The metrics that assess measurements of body identifiers of a person to distinguish them from others are called biometrics. These biometrics are unique for each individual and are therefore, used as a technology to secure systems for authenticating (identification) purposes. Common examples of biometrics are fingerprint, iris pattern, voice, face and signature. Since technology has become a critical part of our life, securing it with biometrics-based authentication systems that are also equipped with anti-spoofing techniques is essential. Presently, spoof attacks are rapidly expanding. Mock-ups of real human fingerprints are created using silicone and are later used in deceiving and accessing fingerprint-based devices. Moreover, fake masks of different material are being used to access face recognition systems. Such attacks are at hand for many people due to the fact that the materials used in such attacks are affordable and within reach of everyone. For this reason, biometrics devices must have robust security approaches. Liveness assurance methods aim at protecting biometrics devices from such spoof attacks. When a biometric is scanned, various approaches are implemented to determine the liveness of this biometric. Measuring heartbeats, estimating 2D and 3D face proportions, evaluating the quality of scanned faces and detecting heat radiating from scanned biometrics are all effective anti-spoofing techniques.

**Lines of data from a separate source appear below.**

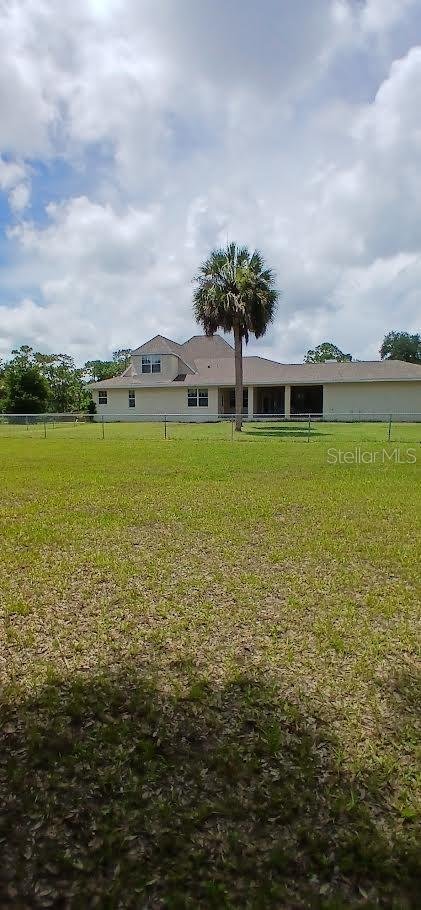 House in Crystal River, Florida, United States 3 - 18353420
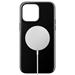 Nomad kryt Sport Case Magsafe pre iPhone 14 Pro Max - Carbide NM01131885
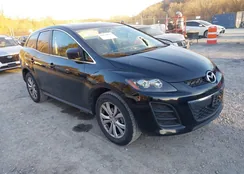 JM3ER4WL3A0350980: 44110835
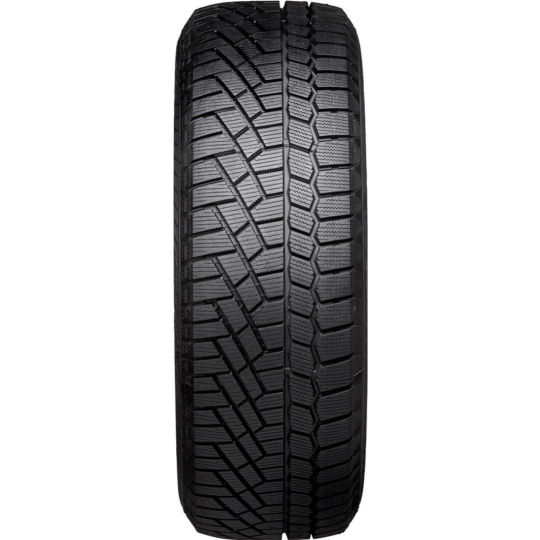 Зимняя шина «Gislaved» Soft Frost 200, 245/45R19, 102T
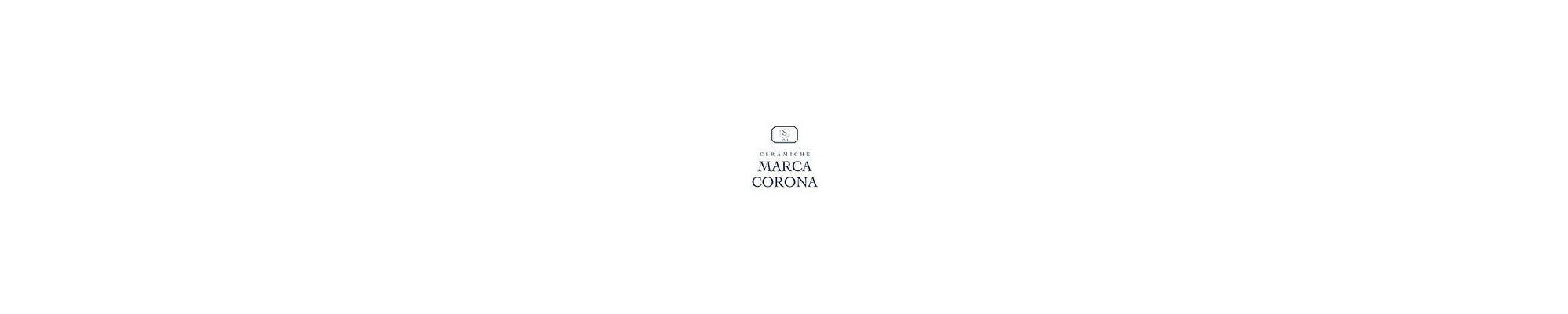 Marca Corona - 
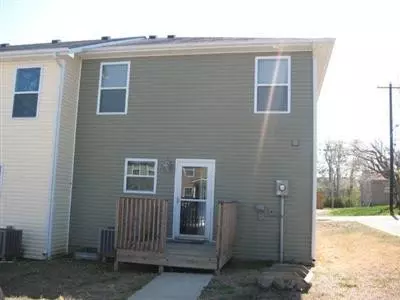 541 Beech St, Versailles, KY 40383 photo 38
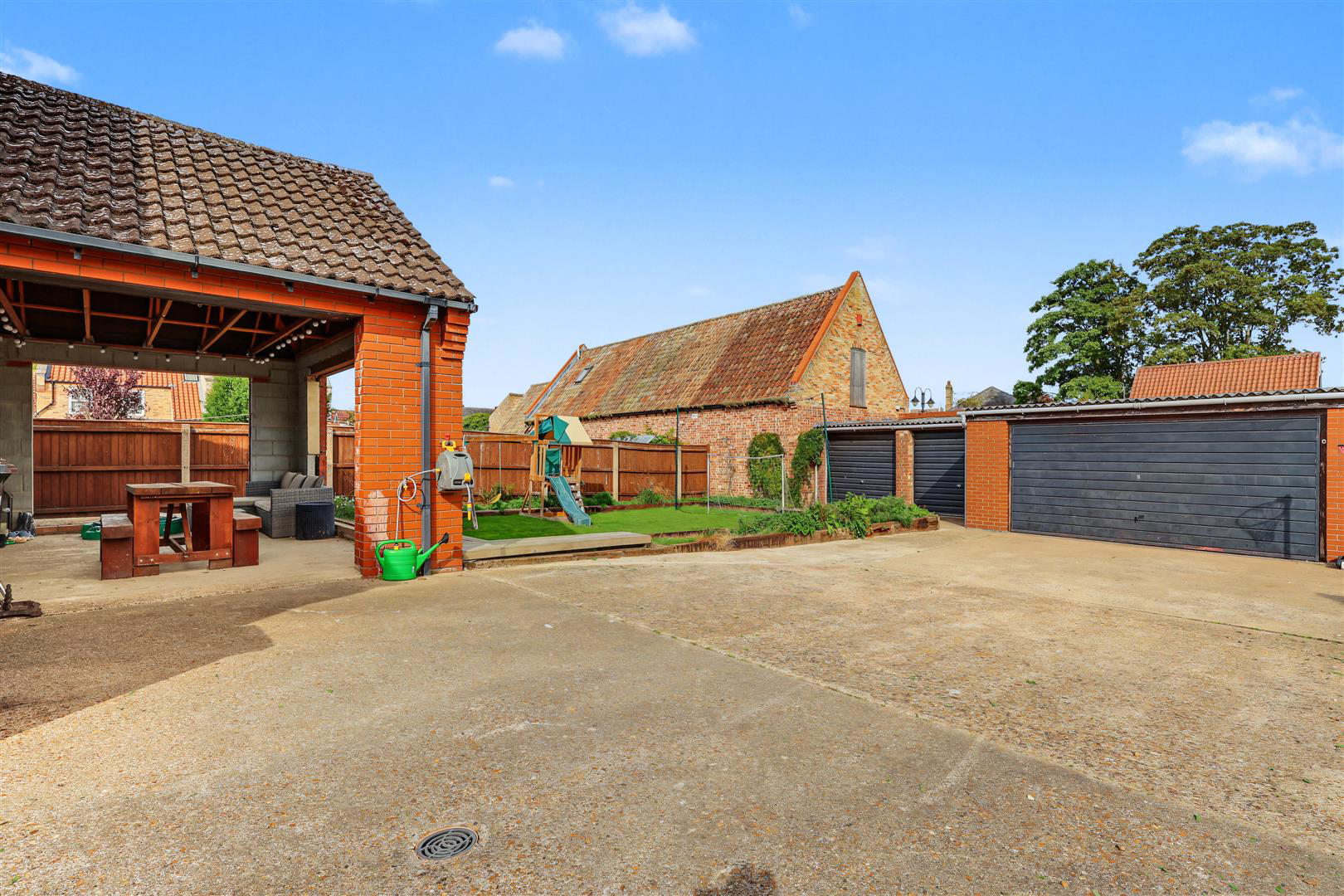 Hempfield Road, Littleport, Ely, photo 20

Liveness assurance of face using real depth information is not commonly used in biometrics technology and the literature. Datasets consisting of different video and photo spoof attacks exist for research evaluation. All publicly available datasets such as CASIA Face Anti-Spoofing DB, NUAA Photograph Impostor DB and PRINT-ATTACK DB are designed for 2D spoofing prevention and therefore the images in these datasets are 2D images, and no depth data is included in these datasets. While 3DMAD, IIIT-D and BUAA Lock3DFace datasets contain real depth data, papers found discussing these datasets did not use depth to analyse them, but instead used different approaches such as dynamic texture analysis and remote photoplethysmography (as discussed later).

Moreover, the technique of using real depth data in 3D liveness detection is not commonly implemented in face recognition devices and systems. Face recognition systems use other approaches such as 3D estimations through software solutions, colour texture analysis and image quality assessment to detect spoof attacks. It is worth noting that the technique of 3D liveness detection using real depth is rarely evaluated and therefore this research will focus on evaluating this technique by reviewing face liveness detection techniques and highlights their weaknesses.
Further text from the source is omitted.